Tout commence en octobre 2010. Le cimentier Lafarge lance une usine à Jalabiya dans le nord de la Syrie. Mais en 2013 ce sont les jihadistes qui sont maîtres du terrain.
Contrairement à d'autres sociétés, Lafarge décide de rester. Pour cela, il lui faut l'aval des autorités françaises et notamment celui du Quai d'Orsay. « Le Quai d'Orsay nous dit qu'il faut tenir, que ça va se régler (...) On allait voir, tous les six mois, l'ambassadeur de France pour la Syrie et personne ne nous a dit : "Maintenant il faut que vous partiez" », expliquera Christian Herrault, l'ancien directeur général adjoint opérationnel du groupe.
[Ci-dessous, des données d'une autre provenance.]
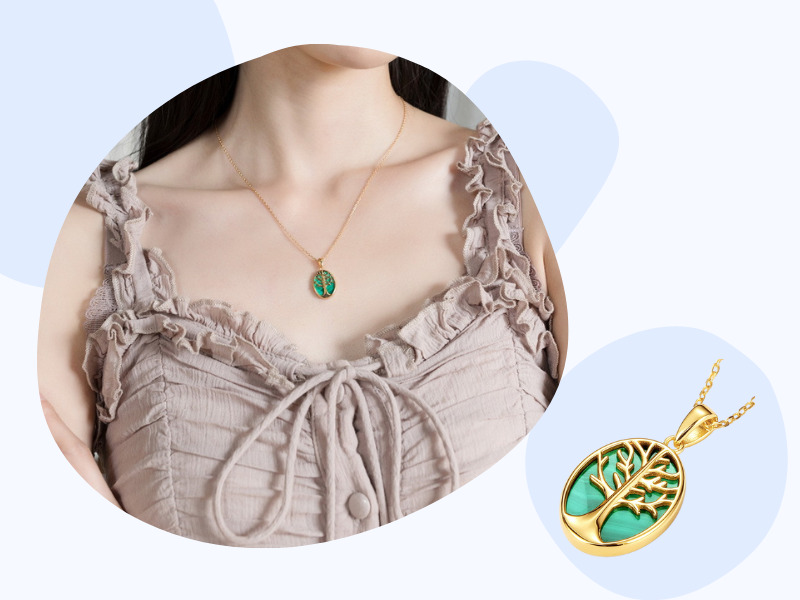 生命の木ネックレス　木　マラカイト　N072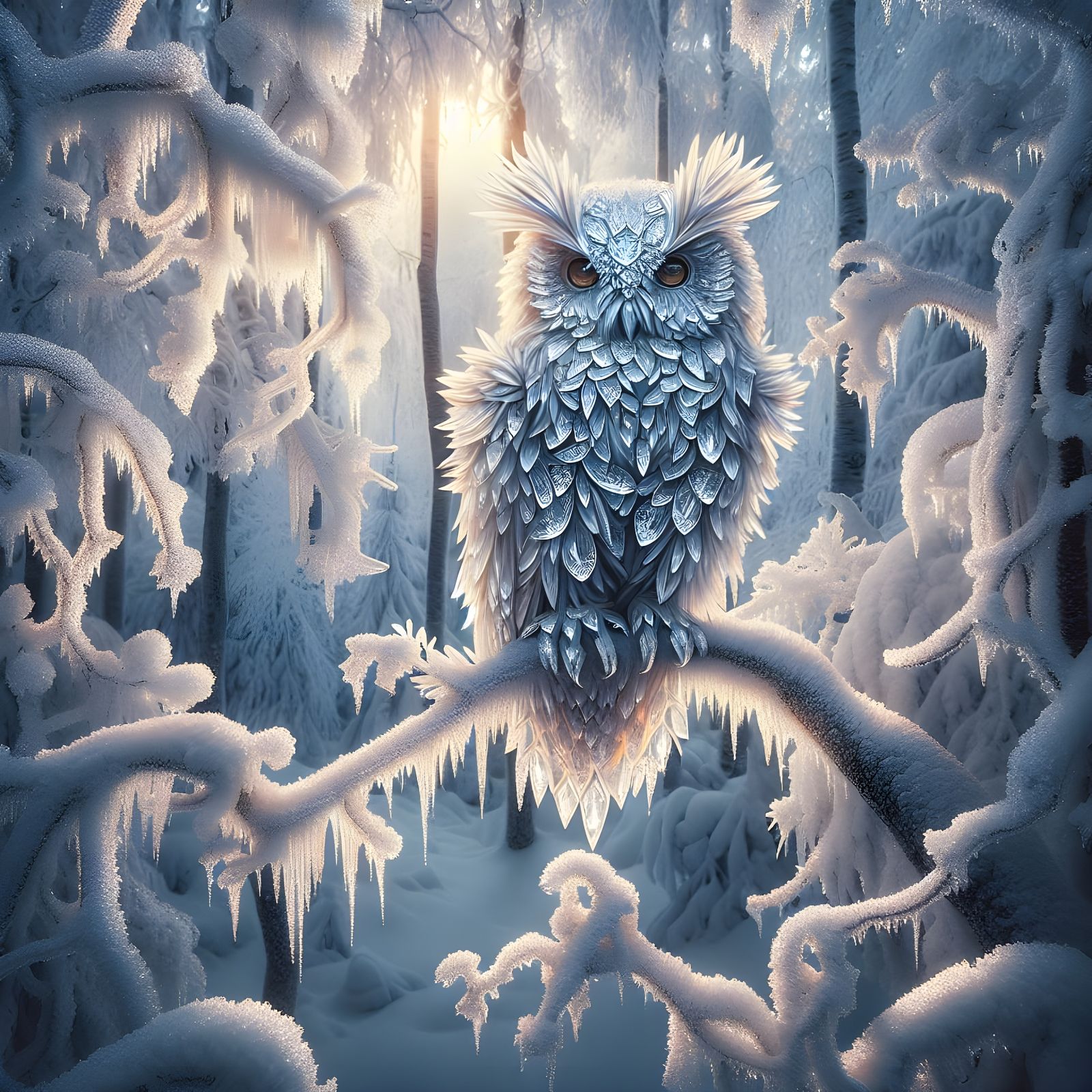 Crystal Eagle Owl Illuminates Snowy Winter Forest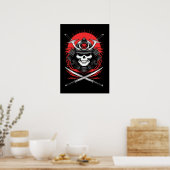 Samurai Schedel Rijzende Zon Krijger Kunst Poster (Keuken)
Le prix à payer pour rester en Syrie
Mais se maintenir dans le pays a un prix. Le groupe paiera donc entre 80 000 à 100 000 dollars à un intermédiaire. Celui-ci est chargé de ventiler l'argent entre différentes factions armées. En échange de quoi, l'organisation d'Abou Bakr al-Baghdadi délivre en mai 2014 un laissez-passer libellé ainsi « Prière d'autoriser le ciment venant de Lafarge à passer les barrages ».
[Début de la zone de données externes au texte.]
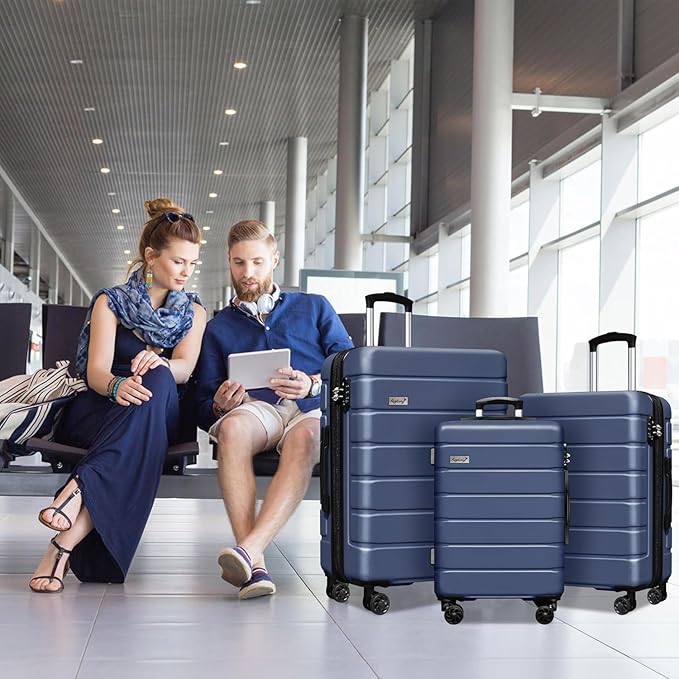 Explorer Lightweight Hardshell 20% Expandable 3-Piece Luggage Set with TSA Lock, Double Spinner Wheels, and Carry-On Suitcase,Navy Blue
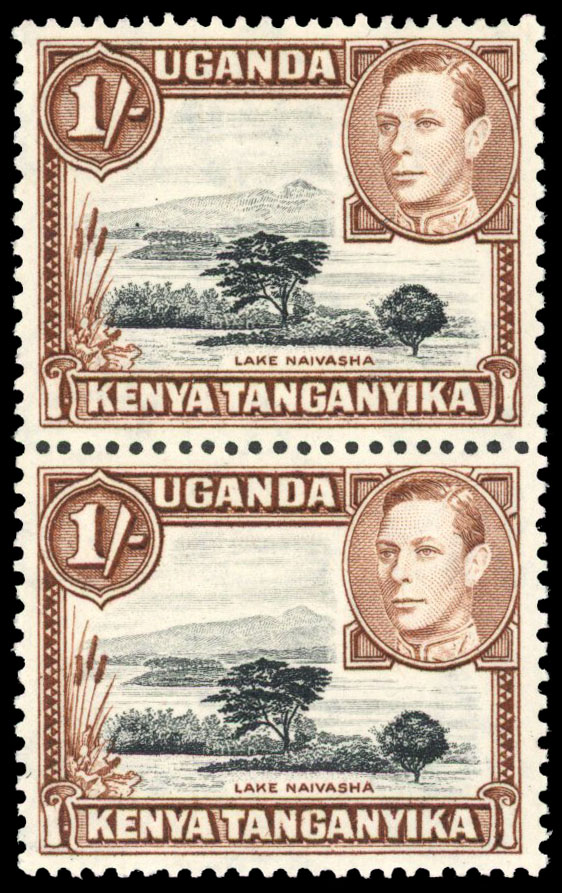 1938 1s black and brown vertical pair, the upper stamp showing R6/7 Mountain retouch, diagonal crease still fresh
Le 29 juin 2014, le jour même où al-Baghdadi proclame son califat, une rencontre est organisée entre un de ses cadres et le responsable de la sécurité de la cimenterie. Seul commentaire du Quai d'Orsay pour le moment : « L'enquête judiciaire en cours permettra de faire toute la lumière sur ces allégations ».
L'ONG Sherpa demande l'audition de Laurent Fabius
L'association anticorruption Sherpa, partie civile dans l'affaire a donc annoncé avoir demandé mercredi 11 octobre que l'ancien ministre des Affaires étrangères, Laurent Fabius et deux anciens ambassadeurs de France en Syrie soient entendus par les juges d'instruction.
Pour la responsable des contentieux au sein de l'ONG Sherpa, Marie-Laure Guislain, « il est indispensable de rechercher toutes les responsabilités si l'Etat devait être impliqué dans cette affaire ».